What the hell did you do to him? I wanted to scream, but Tom had enough accusation and distrust in his life. He didn’t need it from me, too.
Daddy showed as little interest in Tom’s appearance as Momma.
“What happened, Tom? Did you get in a fight?” he asked brusquely across the dinner table.
Tom just shook his head, grinning.
“You know what the Bible says, son. Violence gets you nowhere. It’s what bullies want, is to rile you up. In the long term, it’s better to turn the other cheek.”
“What, so he’s supposed to just let himself get beat up?” I asked in spite of myself, scowling at my father.
He glared right back, and I felt my courage whither under the powerful wash of disappointment emanating from him. My father never had to get angry. He just got disappointed, and it always felt like the whole universe agreed with him. Like god herself thought you had failed.
“Don’t argue with me, Alexandra,” he ordered, and I shut my mouth and lowered my gaze to my plate. “Tom, you know better than to fight.”
“I didn’t fight,” Tom said, frowning.
“The school said there will be an investigation,” Momma offered, setting her silverware down and taking a sip of wine. Glass number three if I wasn’t mistaken. “The boy he beat up is the son of a school board member. Freddy Whitehouse.”
“I didn’t beat anyone up,” Tom said, turning his frown to me, tears in his eyes.
“Jack and Millie Whitehouse are in my congregation,” Daddy said with a nod, ignoring my brother. “I’ll talk to them on Sunday. See if we can resolve this quietly.”
Tom’s face was growing blotchy with frustration, his fork tap tap tapping in a staccato rhythm against his plate. I excused us from the dinner table and dragged him up to my room to color while I tried and failed to con
centrate on my homework until bedtime.
I’d all but forgotten the stress of Nate’s proposition by the time the house went quiet that night. I scrambled out of bed as soon as my father’s weight shifted the floorboards on his walk to bed. Hastily, desperate to talk to my friend, I pulled on my dirty old shorts and ragged t-shirt, slipping my feet into sneakers and pulling my hair into a messy ponytail.
It was a rarity that Nate beat me to the spot, but there he was when I arrived, sprawled on the rock and staring at the sky. I leapt over the stream as he sat up, leaning back on his hands.
“‘Sup, Al?!” he said, grinning brightly. The moon was waning, and every night it was harder to see him and easier to see the stars above.
“I had a crazy day,” I breathed, winded from my jog through the woods. I slipped up onto the rock beside him, flopping onto my back and gathering the scattered stars together into my mind, soaking up the steady peace they always offered.
“Wanna talk about it?” It wasn’t a question so much as a prompt. Unlike my mother—unlike me, I realize in retrospect—Nate was good about pressing until he got an answer. He seemed to understand that the truth was just below the surface, begging to be set free.
That night, the truth was already bubbling over.

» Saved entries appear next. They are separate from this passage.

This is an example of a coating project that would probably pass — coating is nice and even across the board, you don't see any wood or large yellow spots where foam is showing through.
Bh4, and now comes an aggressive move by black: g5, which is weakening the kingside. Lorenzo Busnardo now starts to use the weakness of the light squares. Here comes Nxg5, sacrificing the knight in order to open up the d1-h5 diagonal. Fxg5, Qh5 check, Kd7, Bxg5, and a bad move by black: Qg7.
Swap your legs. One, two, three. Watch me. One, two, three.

I didn’t even fight it.
“Tommy got in a fight!” I said without preamble, throwing my arms out to my sides as I stared at the sky, finally letting my bottled-up stress and disbelief erupt. “Stupid Freddy Whitehouse cornered him and Tommy beat him so bad he had to go to the ER!” My heartbeat thundered in time with my frantic words. I’d always understood that I would be Tom’s caretaker once my parents got too old. It was a burden I was happy to carry, but times like now the worry rose up like floodwaters.

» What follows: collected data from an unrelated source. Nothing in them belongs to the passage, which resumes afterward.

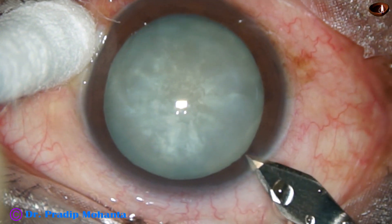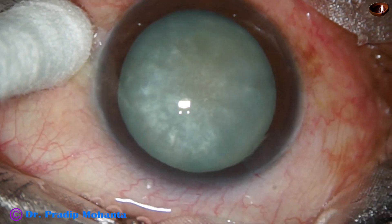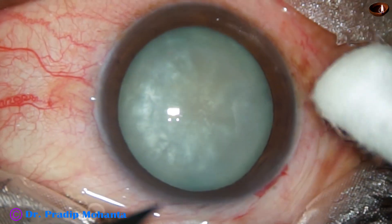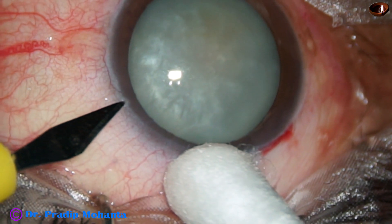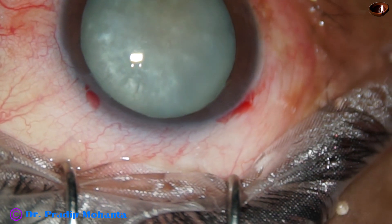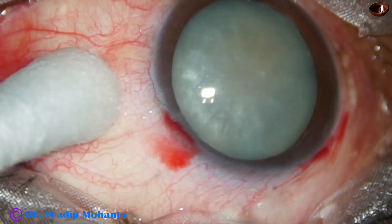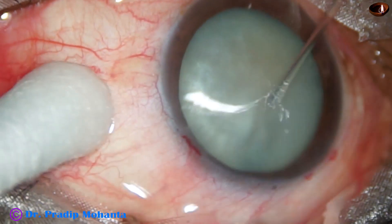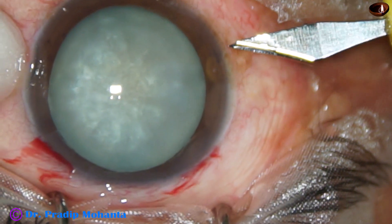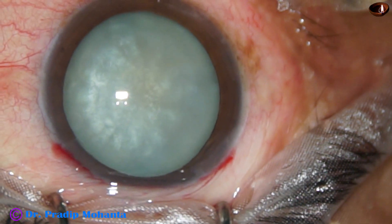This is the main incision with a 2.8 mm steel keratome. One sideport is being made on the left side of the main incision about 3 o'clock hours away, and another sideport is made on the right side at the same distance. The patient is under topical anesthesia and is cooperating quite well.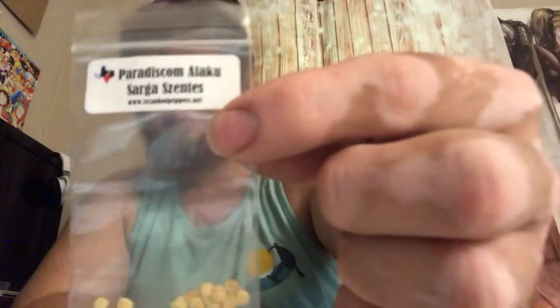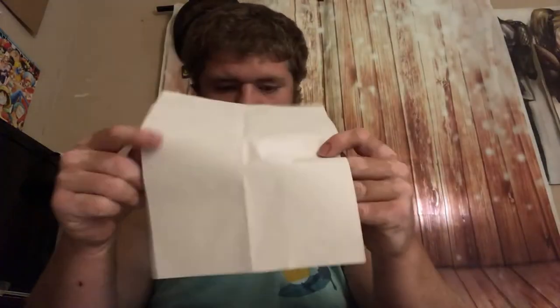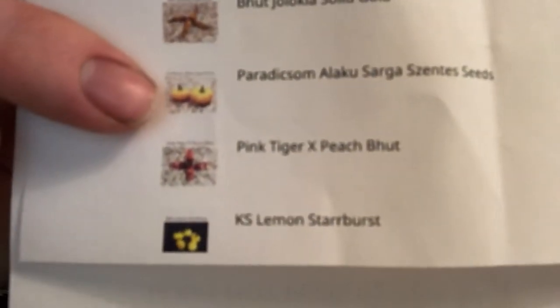The Bujolokia Solid Gold — the Solid Gold Ghost Pepper. I'm not really sure how to pronounce the next one, but I'll try: Paradiscum Alacusarga Zintus. I may have a picture on my order of those. Let me check — yeah, so they look like pumpkins. Let me fold this and give y'all a view of what to expect; it's the one in front of my finger. They're supposed to look kind of like pumpkins. I'm really excited to see that.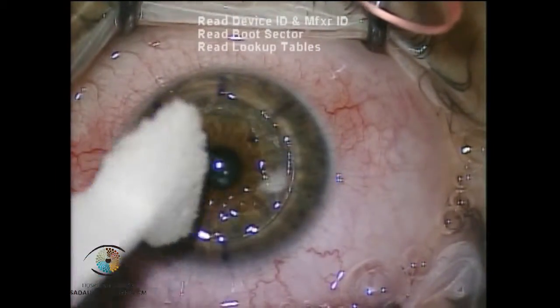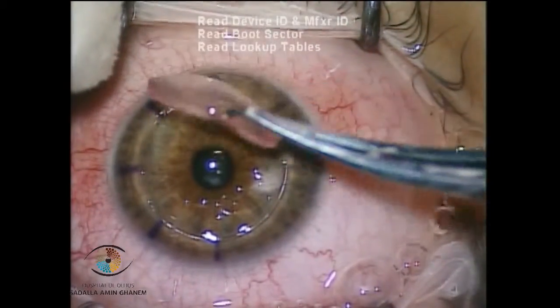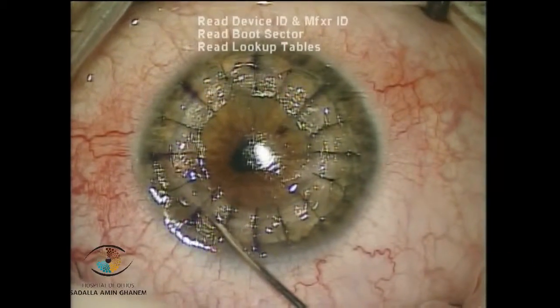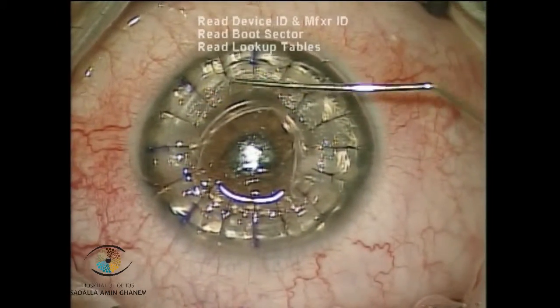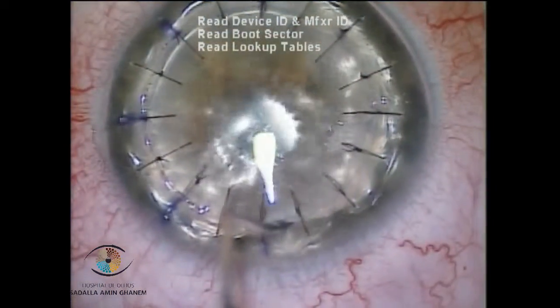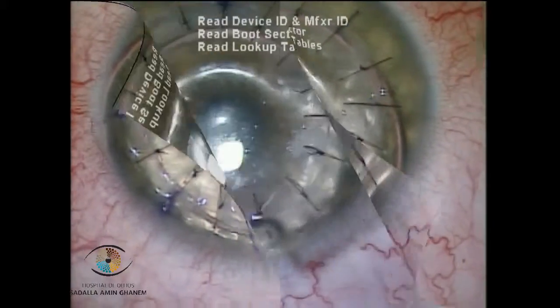Finally, the graft is put in place and sutured. At the end of the surgery, air fills the anterior chamber, some liquid and air is expressed from the interface, and finally a 50% air fill is left in the eye.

There was a long pause, during which I took deep, steadying breaths to try to calm myself down. I’d always taken a tentative comfort in Tom’s gentle nature. He’d gotten so big in his teens, it started to scare me. Such a big guy with so little common sense and emotional maturity was a scary thing. I lived in fear of the day he snapped and hurt someone just because he didn’t know better. Now that day had come. How well could I care for him if violence became part of his pathology? Would I have to put him in a home?